本文旨在通过对Covid-19相关的研究文章进行研究,并对其进行抽象总结,揭开与Covid-19相关的神话,找到犹豫接种疫苗的可能根本原因。根据印度政府的官方网站,截至2023年1月20日,印度14亿总人口中有10亿人接种了全面疫苗。为了彻底根除3年前出现的Covid - 19,所有人都需要接种疫苗,但事实并非如此,因为报纸、社交媒体等上发表的各种文章真实性不明,人们对接种疫苗犹豫不决。在本文中,我们将尝试使用BERT和GPT-2模型总结CORD-19数据集中可用的所有文章。对于抽取摘要,BERT模型表现良好,但在抽象摘要方面仍有改进的余地。我们的方法包括利用正则化来抑制局部相似度,同时提高全局相似度,使用具有更高计算资源的蒸馏-gpt2版本。我们使用了V100 GPU和google lab-pro的100个计算引擎,以实现更快的计算速度和更高的精度。结果将阐述Rouge和Bleu评分及其相关意义进行总结。

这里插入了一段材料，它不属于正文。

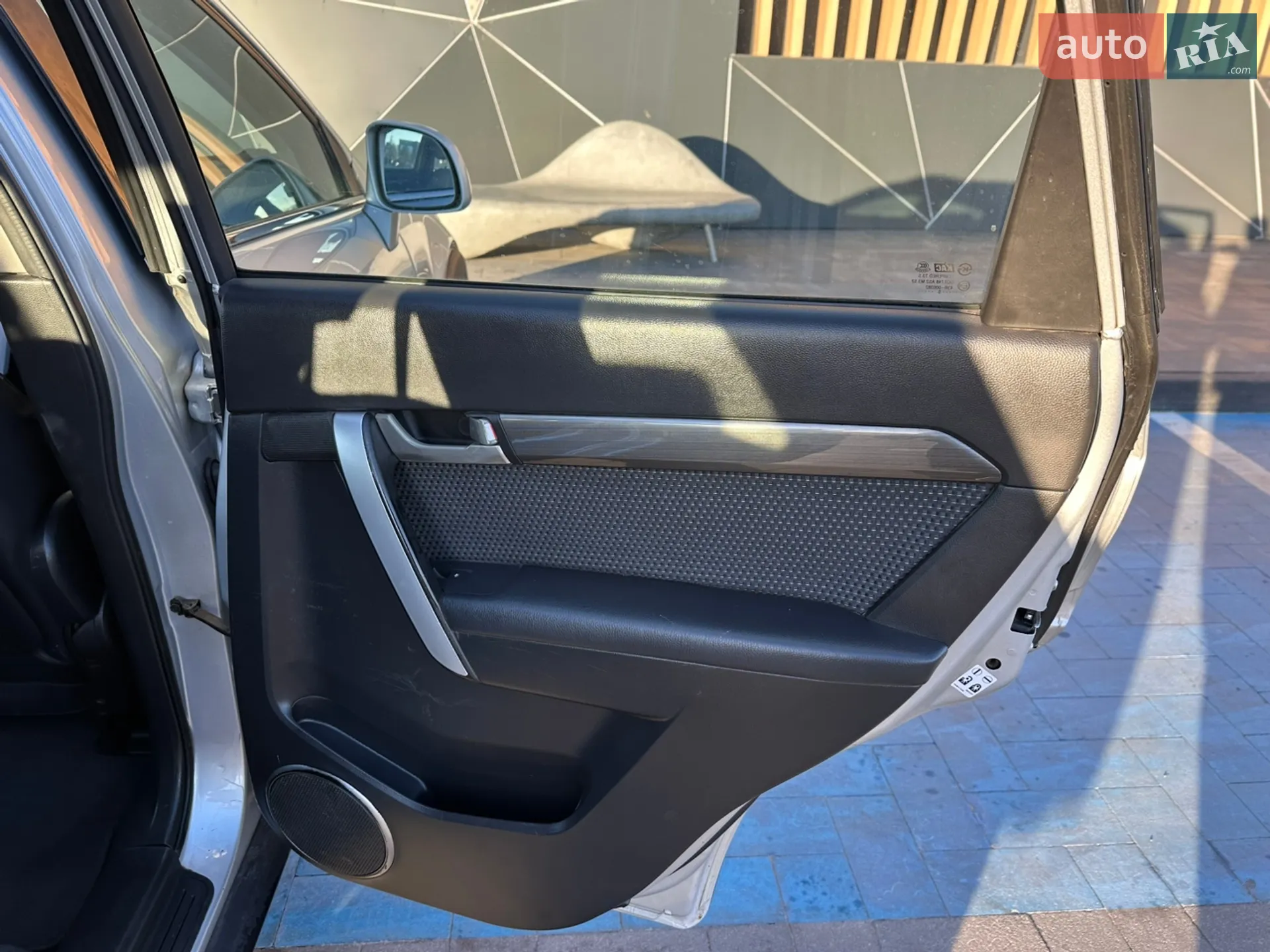 2010 Chevrolet Captiva - мініатюра 16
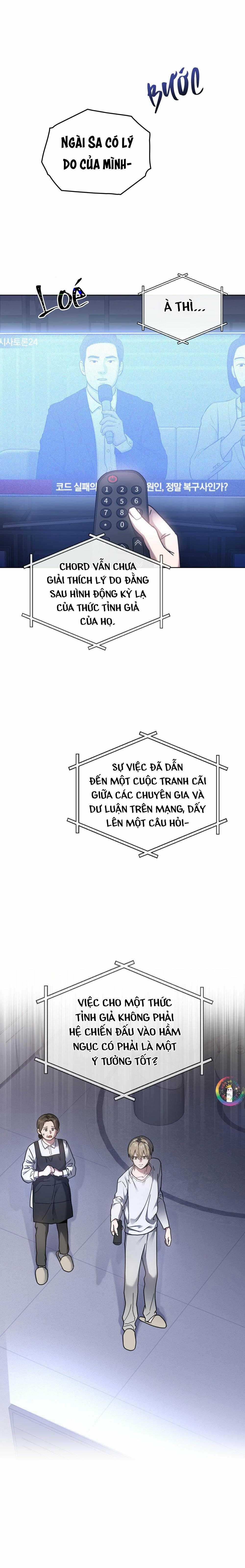 manhwax10.com - Truyện Manhwa Vết Tích Của Ánh Dương Chương 30 Trang 17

本文章由计算机程序翻译,如有差异,请以英文原文为准。
查看原文
分享 分享
微信好友 朋友圈 QQ好友 复制链接
本刊更多论文
Abstractive Text Summarization Using BERT and GPT-2 Models
This paper aims to study the research articles related to Covid-19 and provide abstractive summarization on the same, demystifying the myths related to covid-19 as well as finding the possible root cause of hesitation in taking the vaccine. As per the government of India’s official site, as on 20th Jan 2023, 1 billion people have been fully vaccinated out of India’s total population of 1.4 billion. To fully eradicate Covid - 19, which emerged 3 years ago, the entire population needs to be vaccinated, but that’s not the case as people hesitate to get vaccinated due to various articles published in newspapers, social media, etc., the authenticity of which are unknown. In this paper we will try to summarize all the articles, as available in the CORD-19 dataset, using BERT and GPT-2 models. For extractive summarization, BERT models performed well, but there is a scope for improvement in abstractive summarization. Our approach involves utilizing regularization to suppress local similarity while simultaneously promoting global similarity, using the distill-gpt2 version with higher computing resources. We used V100 GPU with 100 computing engines from google collab-pro for faster computation and higher accuracy. The result will elaborate on the Rouge and Bleu score and its relevant significance for summarization.
求助全文
通过发布文献求助,成功后即可免费获取论文全文。 去求助
来源期刊
自引率
0.00%
发文量
0
期刊最新文献
Three Port Full Bridge PFC Converter for Hybrid AC/DC/DC System with Fuzzy Logic Control ESH: A Non-Monotonic Activation Function For Image Classification Image Classification using Quantum Convolutional Neural Network Machine Learning Based Predictive Model for Intrusion Detection EV Sahayak: Android Assistance App for Electric Vehicle
×
引用
GB/T 7714-2015
复制
MLA
复制
APA
复制
导出至
BibTeX EndNote RefMan NoteFirst NoteExpress
×
×
提示
您的信息不完整,为了账户安全,请先补充。
现在去补充
×
提示
您因"违规操作"
具体请查看互助需知
我知道了
×
提示
现在去查看 取消
×
提示
确定
0
微信
客服QQ
Book学术公众号 扫码关注我们
反馈
×
意见反馈
请填写您的意见或建议
请填写您的手机或邮箱
已复制链接
已复制链接
快去分享给好友吧!
我知道了
×
扫码分享
扫码分享
Book学术官方微信
Book学术文献互助
Book学术文献互助群
群 号:481959085
Book学术
文献互助 智能选刊 最新文献 互助须知 联系我们:info@booksci.cn
Book学术提供免费学术资源搜索服务,方便国内外学者检索中英文文献。致力于提供最便捷和优质的服务体验。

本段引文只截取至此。